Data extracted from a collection
##############################

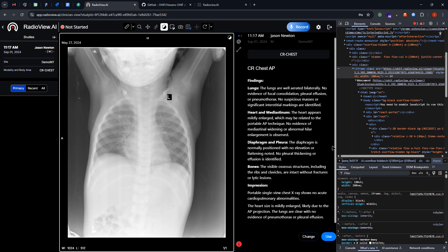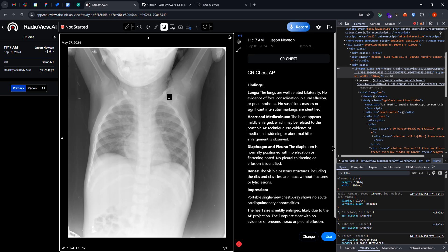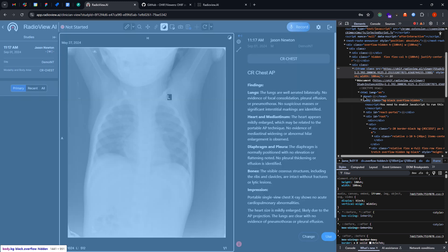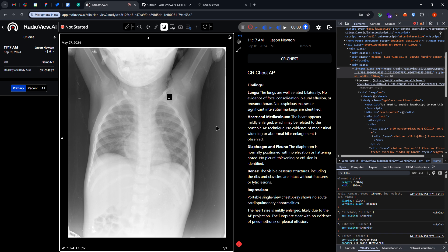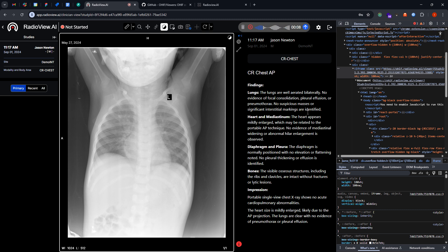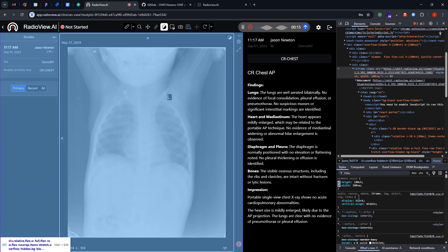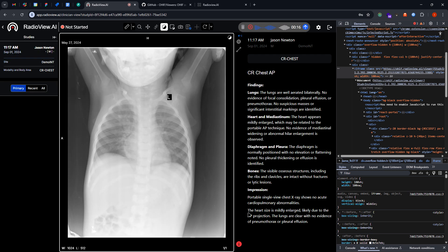It has the ambient options, like it has the ambient intelligence. When you click on use, let's say the findings: lungs are well aerated, bilaterally no evidence of focal consolidation. I'm not a radiologist, but this is how the radiologist will read out the findings from the images.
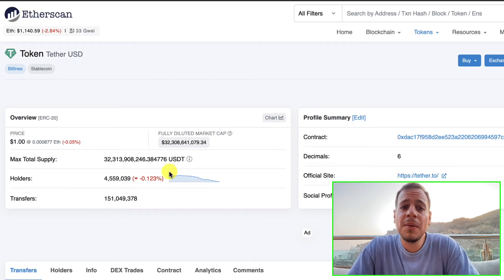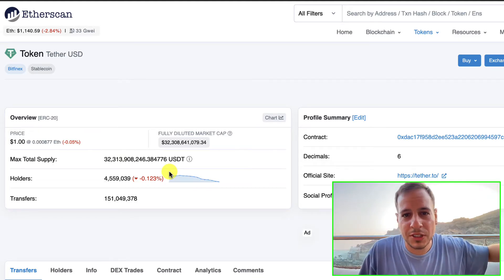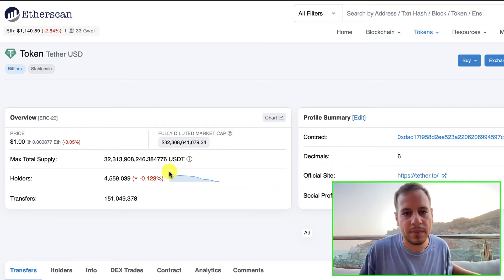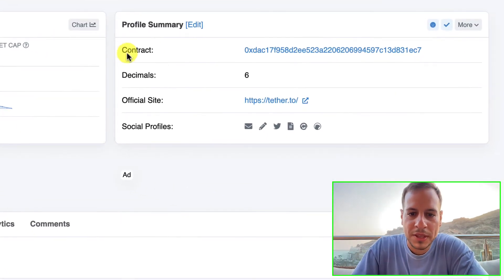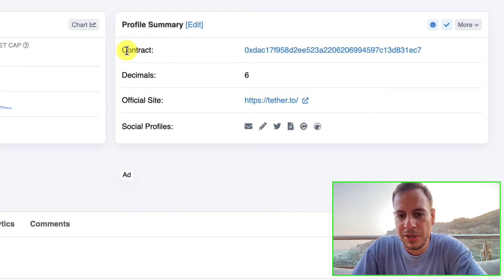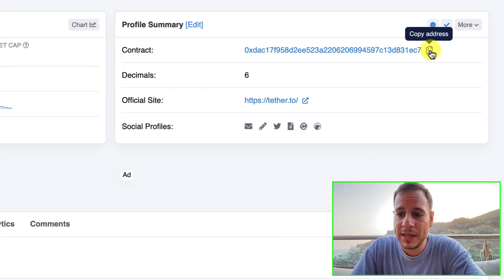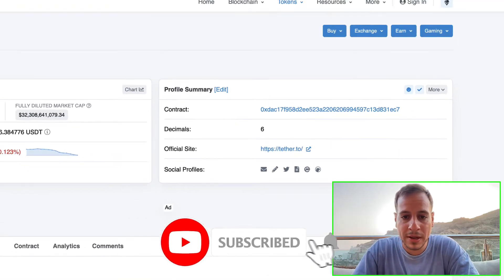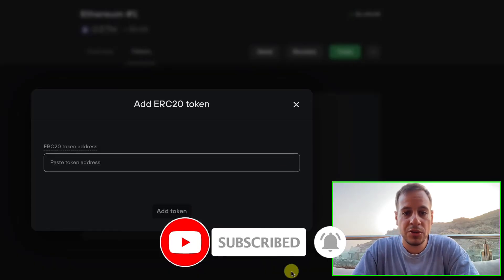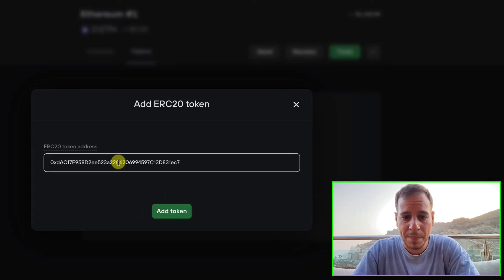This page represents the USDT token — it's a smart contract representing an ERC20 token. Go to the Profile Summary, find the Contract attribute, and copy the contract address by clicking the small copy icon. You'll see that it's copied.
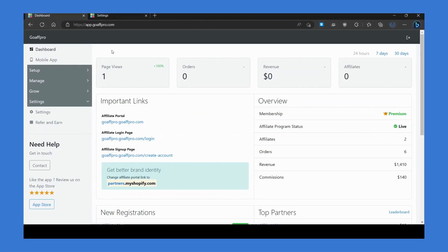Hello everyone, today we are going to be looking at how affiliate commission payments work in the GoAff Pro app.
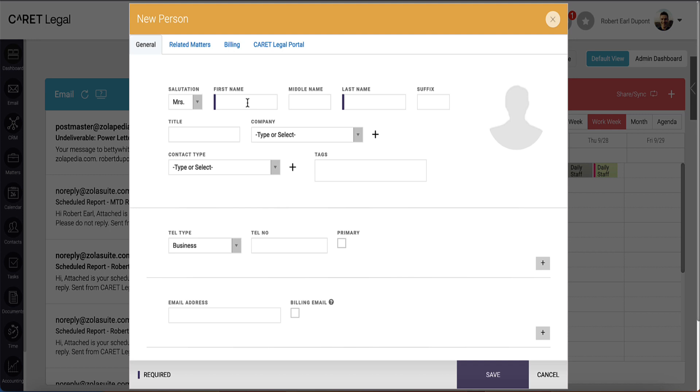Next, enter your first, middle, or last name. The first and last name are required, as denoted with the purple sliver within each text field. Where needed, you'll also have an area to place a suffix. Next, enter any title for the person.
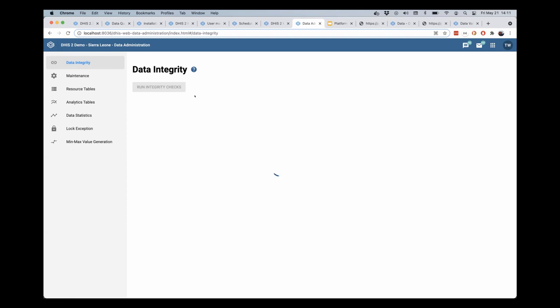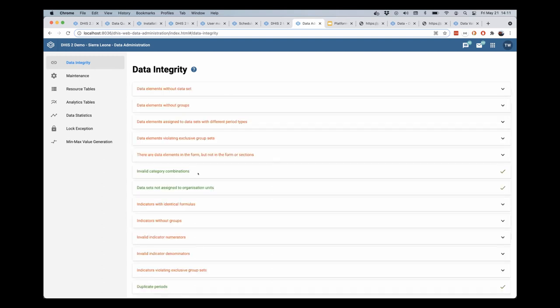It still takes some time because it is running over the entire database, but we will see this come back in just a few more seconds. There we go.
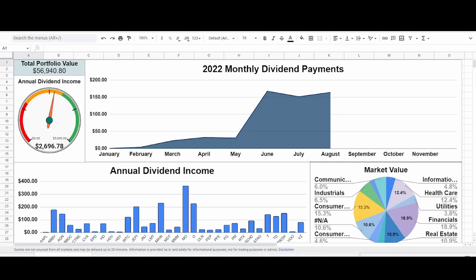Well, hello there, my fellow hopeful investors. Today, we're going to do a September portfolio update. I'm here on my dashboard in Google Sheets, and you can see that our portfolio total value is now up to $56,940.80.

##############################

- [WORK REQUEST]: Output the entries above exactly, without their pictures.

- [WRITTEN REPLY]:
It has the ambient options, like it has the ambient intelligence. When you click on use, let's say the findings: lungs are well aerated, bilaterally no evidence of focal consolidation. I'm not a radiologist, but this is how the radiologist will read out the findings from the images.
This page represents the USDT token — it's a smart contract representing an ERC20 token. Go to the Profile Summary, find the Contract attribute, and copy the contract address by clicking the small copy icon. You'll see that it's copied.
Hello everyone, today we are going to be looking at how affiliate commission payments work in the GoAff Pro app.
Next, enter your first, middle, or last name. The first and last name are required, as denoted with the purple sliver within each text field. Where needed, you'll also have an area to place a suffix. Next, enter any title for the person.
It still takes some time because it is running over the entire database, but we will see this come back in just a few more seconds. There we go.
Well, hello there, my fellow hopeful investors. Today, we're going to do a September portfolio update. I'm here on my dashboard in Google Sheets, and you can see that our portfolio total value is now up to $56,940.80.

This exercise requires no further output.